For the sake of your own health, you need to try something on for size. That's the idea that "Mom" - and I mean the whole complete warped, perverse package of memories, feelings, life lived or postponed that include her - "Mom" is just another person, like a stranger on the street or in Walmart. She has no special knowledge of who/how you are... she barely sees you; all she "sees" (and even that is questionable) is a reflection of her SELF. She doesn't see Erin; know Erin; and anything she thinks she knows -- is about her.
And when you can really experience what it feels like - to be ERIN... not mom's idea of Erin (that weird reflection version)... and you WILL feel that...
then that messy knotted up ball of different colored yarns... will start to loosen and separate and organize all the threads into separate colors again... order from chaos... and it'll be easier to understand, you'll be free-er of the old crap, and you'll feel so light (and colors around you will appear brighter) you'll feel so light, and totally able to simply "do" what you know is in your best interests... you'll even start to forget that this person called "mom" was such a factor in who you are... and wonder how you could ever think that in the first place.
Then, it'll be a whole lot easier to untangle that other ball of yarn of mixed messages about what is/isn't true of women and how women are healthy. Then, your needs - to be healthy - will just be natural and nurturing and disconnected from the experiences that were the opposite.
Then, it won't be such a conflict.
BTW - everything Hops said is true and invaluable in the stuff I've suggested above, too. In fact, it's probably a very necessary complimentary new "habit" to help you get through the other stuff. Just giving you my way of thinking about these things - for what it's worth. Your mileage may vary! Good luck, kiddo... you're about to discover (and doing really, really well I might add) some amazing things about YOU.
Redhead Erin:
Ohhhhhh, thanks Hops. You always say the nicest things.
It seems like I have 2 separate but related things going on:
1) I really don't like the way I look. Objectively, I do not have the look for pin-up modeling, which has been a hobby of mine for years. So whenever I have a photo session and get the pictures back, I am really disappointed with the results. And while I know this is entirely about the vessel, it is still sad and disappointing, to the point where I am ready to take down my website and call it quits. Looking at my pictures lately only reminds me of my lack of progress in the last 3 years. This makes me feel bad for being undisciplined and doing all the things I know I shouldn't.
2) I have a lot of negative programming around food/body/sexuality/social life/my personal likability. It's easy to make the jump from "Why did I skip the gym and eat those cookies yesterday? I am never going to reach my goal like that!" to "I am an undisciplined pig who always eats way too much and nobody would ever like me if they knew what a horrible glutton I am." (Learning from my mistakes is sort of a new concept here.But I am getting it, a little)

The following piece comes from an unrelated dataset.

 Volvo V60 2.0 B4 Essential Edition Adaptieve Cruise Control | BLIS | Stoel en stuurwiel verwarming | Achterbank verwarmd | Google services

3) On the other side of the coin, I am also sort of afraid of success because what if I do reach my goal and make Pin-up Queen of the Year or something? Then will everybody hate me because they will think I am a tamp and a whore and trying to steal their men? I don't want that either!
So, I want to look the way I want to look. I'm not striving for an unhealthy weight, and I know the limits of what diet and exercise can do. Part of my obsession with this is that I want to master my body and my eating, and be able to say to myself and the world, "I AM DISCIPLINED! I AM COMPETETANT! I CAN DO THIS! I AN IN CONTROL!"
And also, I feel that once I do that, and have the actual weight loss goal out of the way, I can focus more seriously on the rest of my issues. I have tried all that "Love your body the way it is" and it is seriously difficult for me. My subconscious always screams, "What? Love this mess? Are you crazy?" It seems like fixing the mess is the better alternative.
Redhead Erin:
Phoenix--Your reply posted while I was typing. I want to go through it more later but right now I am on the way to help paint a bus for the 4-H club to run in the Schoolbus Demo Derby. See ya!